8. The recommendation method according to claim 4, wherein customer intent within the conversational speech is identified by an intent recognition model, the method comprising:

performing intention classification scoring on the text input intention recognition model, wherein a second threshold value is preset in the intention recognition model;

if the score of one intention is higher than a second threshold value, the intention is taken as a client intention;

If the score of all intents is below the second threshold, the client intent is an empty set,

wherein the intent includes, but is not limited to, affirmative, negative, busy, transacted by oneself.

9. A seat conversation recommendation apparatus comprising:

the voice acquisition and transfer module is used for: the method comprises the steps of obtaining dialogue voice between an agent and a client, and converting the dialogue voice into text;

a speaking recommendation module, the speaking recommendation module being configured to: finding out a corresponding recommended telephone from a telephone database according to the text, and outputting the recommended telephone to an agent;

a viewing module for: after monitoring that the agent does not use the recommended conversation, obtaining a conversation of the agent and checking whether the conversation is already recorded in the conversation database;

a backup speech library module for: placing the answering operation in a backup conversation library when the answering operation is not entered in the conversation database; and

a speaking database supplementation module for: and when the occurrence frequency of the answering is monitored to be greater than N times, forming a pairing group with the text, and supplementing the pairing group into the answering database, wherein N is a positive integer.

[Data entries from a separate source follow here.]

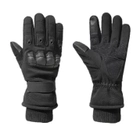 Зимние тактические защитные перчатки на флисе черные 30102 размер универсальный - изображение 1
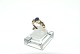 14 carat gold, Ladies ring with diamonds / blue sapphire
Size 57
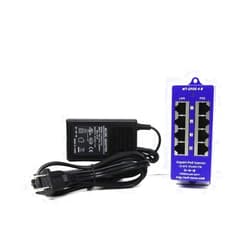 WiFi-Texas PoE Texas 4 Port 24V Passive PoE Injector with 24V 30W UL/FCC Certified Power Supply - Gigabit Injector - Passive Power Over Ethernet Multi Port PoE Adapter for Ubiquiti, Mikrotik, 24 Volt PoE Devices
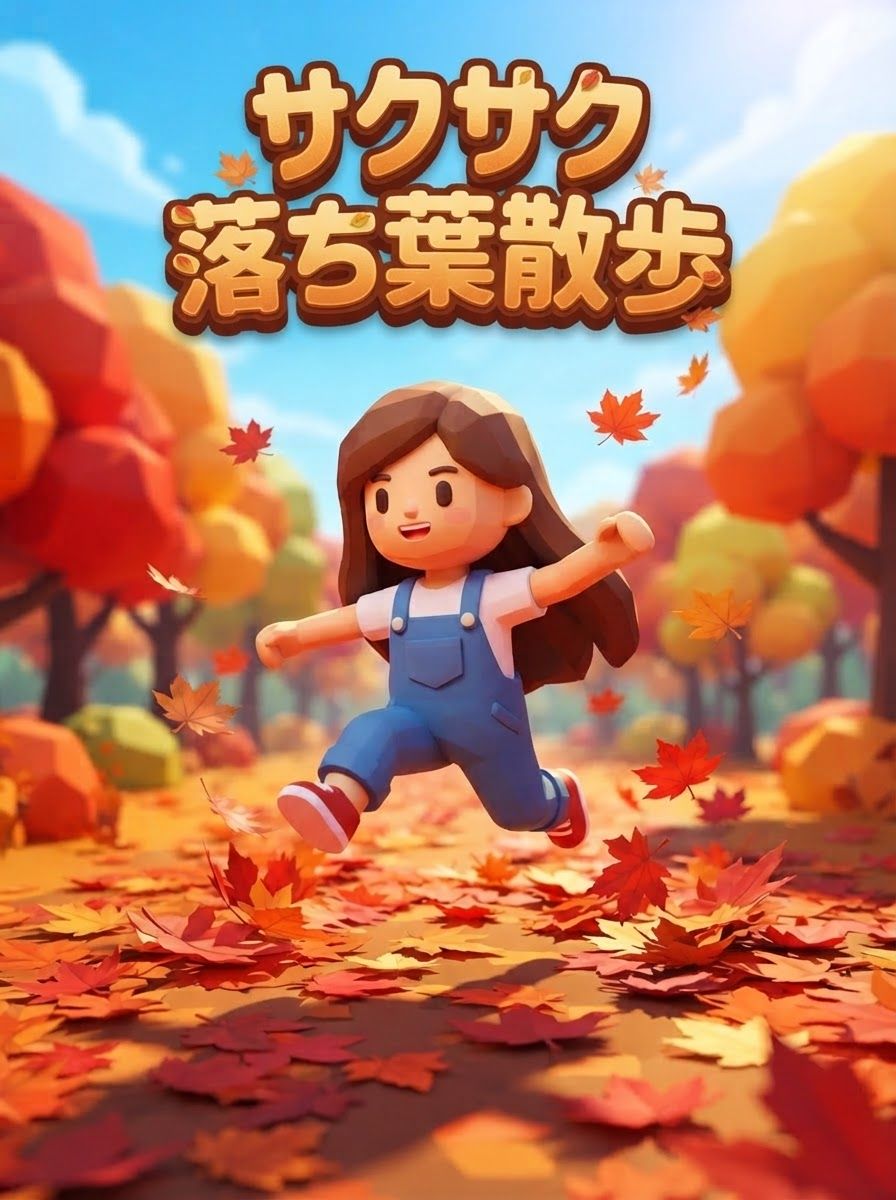 サクサク落ち葉散歩
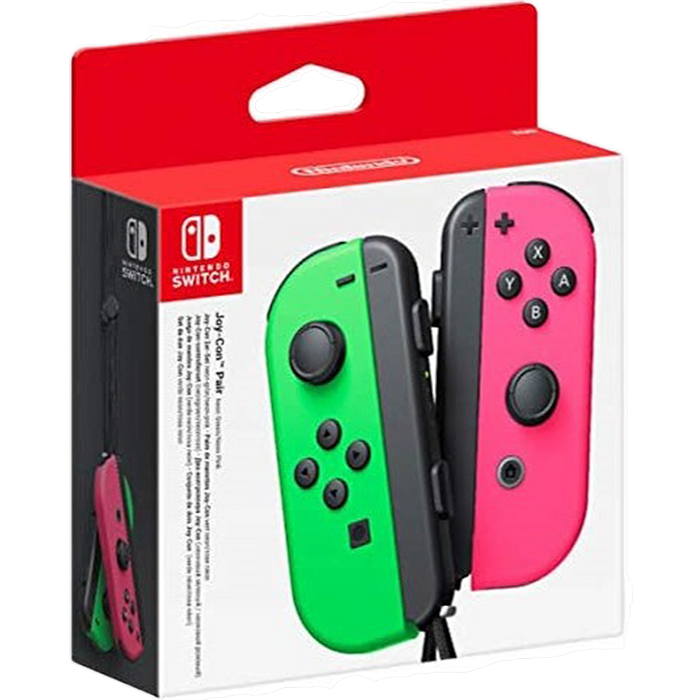 זוג בקרי שליטה Nintendo Switch Joy-Con Pair Neon Green/Pink - צבע ירוק/ורוד שנה אחריות עי היבואן הרשמי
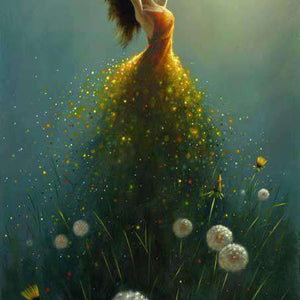 Träumer in der Natur Diamond Painting mit Lichtwiese, Bild 2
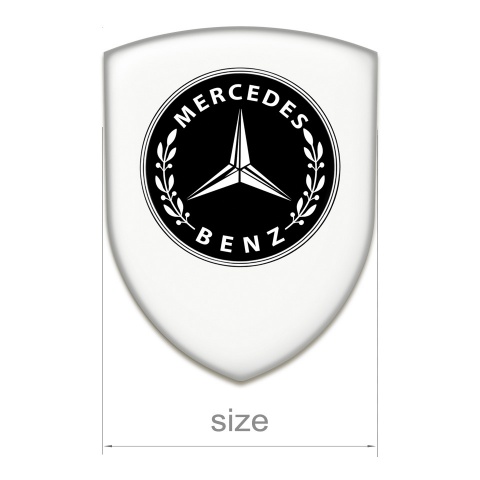 Mercedes Benz Emblem Interior White Style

10. An electronic device, comprising:

one or more processors;

storage means for storing one or more programs,

wherein the one or more programs, when executed by the one or more processors, cause the one or more processors to perform the method of any of claims 1-8.

11. A computer readable storage medium having stored thereon executable instructions which, when executed by a processor, cause the processor to perform the method according to any of claims 1-8.

12. A computer program product comprising a computer program which, when executed by a processor, implements the method according to any one of claims 1 to 8.